STATUS = {0:"new", 1:"active", 7:"we rejected"}
picked = validate_user_option_multi("Select statuses:", **STATUS)
# → [1, 7]

validate_user_option_value_multi(...)

validate_user_option_value_multi(
    input_msg: str = "Option:",
    *args,
    **kwargs: Any  # key -> value
) -> List[Any]
  • Multi-select version of validate_user_option_value.
  • Exit with d: done (or xd, xd2, … if d is taken). Use d=False to disable exit.
  • Returns a list of values in the order picked.
vals = validate_user_option_value_multi("Pick genres", a="Action", c="Comedy", d="Drama")
# user picks: c, a → ['Comedy', 'Action']

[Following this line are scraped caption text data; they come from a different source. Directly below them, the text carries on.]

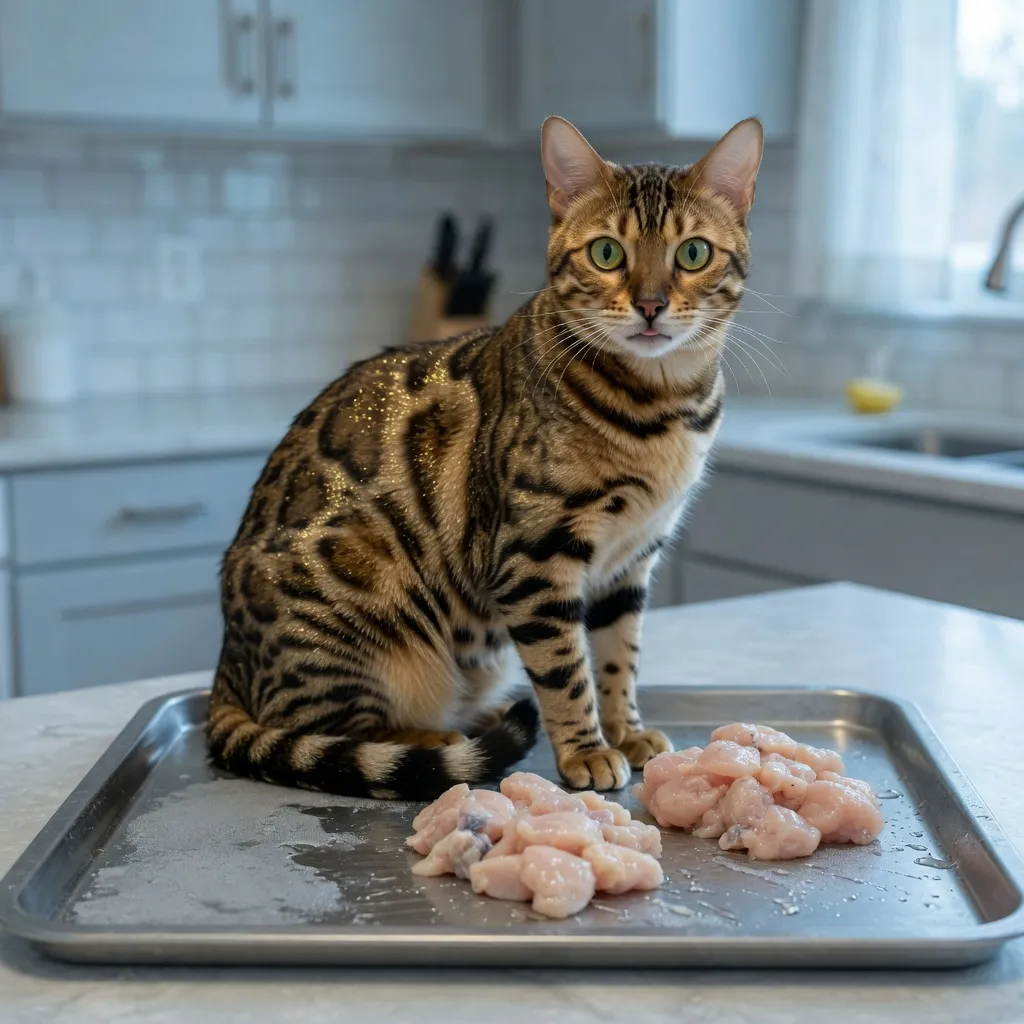 Сурово меню за котки с пиле, 500 г (примерен продукт)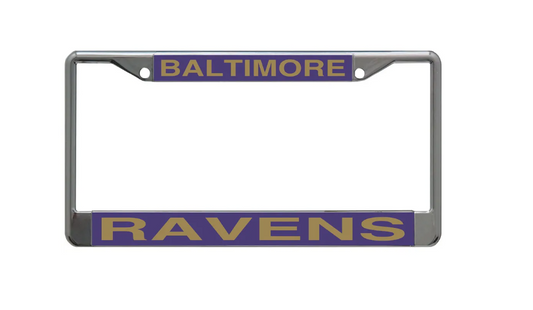 Baltimore Ravens Wincraft Purple License Plate Frame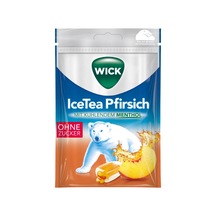 Wick Icetea Pfirsich Mit Kühlendem Menthol 72 G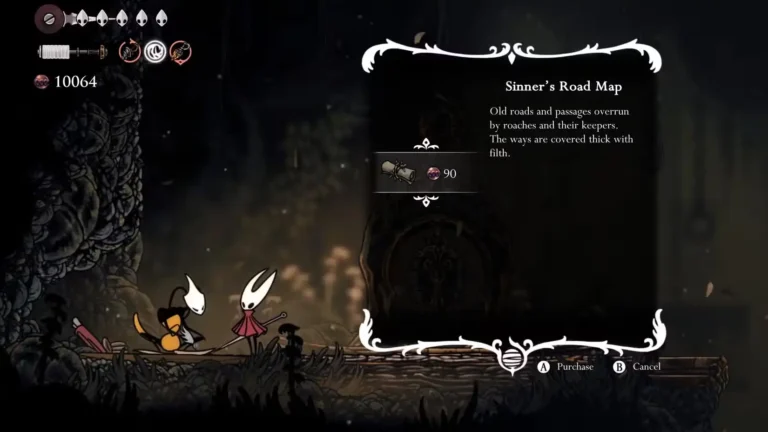 Sinner's Road Map from Shakra in Silksong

validate_user_option_enumerated(dict, msg="Option:", start=1)

validate_user_option_enumerated(
    a_dict: Dict[Any, str],
    msg: str = "Option:",
    start: int = 1
) -> Tuple[Any, str]
  • Enumerates .items() starting at start.
  • Adds q: quit.
  • Returns (key, value) or ('q', None).
movies = {101:"Inception", 202:"Memento"}
mid, title = validate_user_option_enumerated(movies, start=1)

🗄 Database-Style Selection

choose_from_db(db_result, input_msg=None, table_desc=None, xq=False)

choose_from_db(
    db_result: List[Dict[str,Any]],
    input_msg: str = None,
    table_desc: str = None,
    xq: bool = False
) -> Tuple[int, Dict]
  • Pretty-prints rows with tabulate.
  • Only existing id values in db_result are valid.
  • If xq=True, also accepts xq → returns ('xq','quit').
  • Invalid entries re-prompt.

choose_dict_from_list_of_dicts(list_of_dicts, key_to_choose)

choose_dict_from_list_of_dicts(
    list_of_dicts: List[Dict],
    key_to_choose: str
) -> Dict
  • Menu of dict[key_to_choose].
  • Returns selected dict.
fruits = [{"name":"Apple","color":"red"},{"name":"Banana","color":"yellow"}]
choice = choose_dict_from_list_of_dicts(fruits, "name")

✅ Yes/No Shortcut

yes("Continue?", default="y")  # True if 'y', False if 'n'; blank → default

💬 Autocomplete

from askuser.autocomplete import user_prompt

res = user_prompt("Country: ", ["USA","UK","IN"], return_value=False)
# ≥2 chars → suggestions

opts = {"us":"United States","uk":"United Kingdom"}
code = user_prompt("Code: ", opts, return_value=True)
# returns 'us'

🔍 All Validation Types

Type Description
int / float Numeric with optional minimum / maximum
alpha / alphanum Only letters / letters+digits
date / future_date YYYY-MM-DD or YYYY-MM-DD HH:MM:SS
time HH:MM:SS
email Standard RFC email
phone Digits with optional +, strips spaces/dashes
url Hostname + optional path/query
slug [a-z0-9-] only, single delimiter
custom Only values in expected_inputs
not_in Reject values in not_in
custom_chars Only chars in allowed_chars
regex Match your regex
language ISO-639 via pycountry

🧪 Testing

Under tests/, examples:

import pytest
from askuser import validate_input, yes, validate_user_option

def test_default(monkeypatch):
    monkeypatch.setattr('builtins.input', lambda _: '')
    assert validate_input("Prompt?", "int", default=7) == 7

def test_no_quit(monkeypatch):
    monkeypatch.setattr('builtins.input', lambda _: '0')
    assert validate_user_option("Pick:", "A","B", q=False) == '0'

Run:

pytest tests/

📜 License

MIT — free to use, modify, and distribute.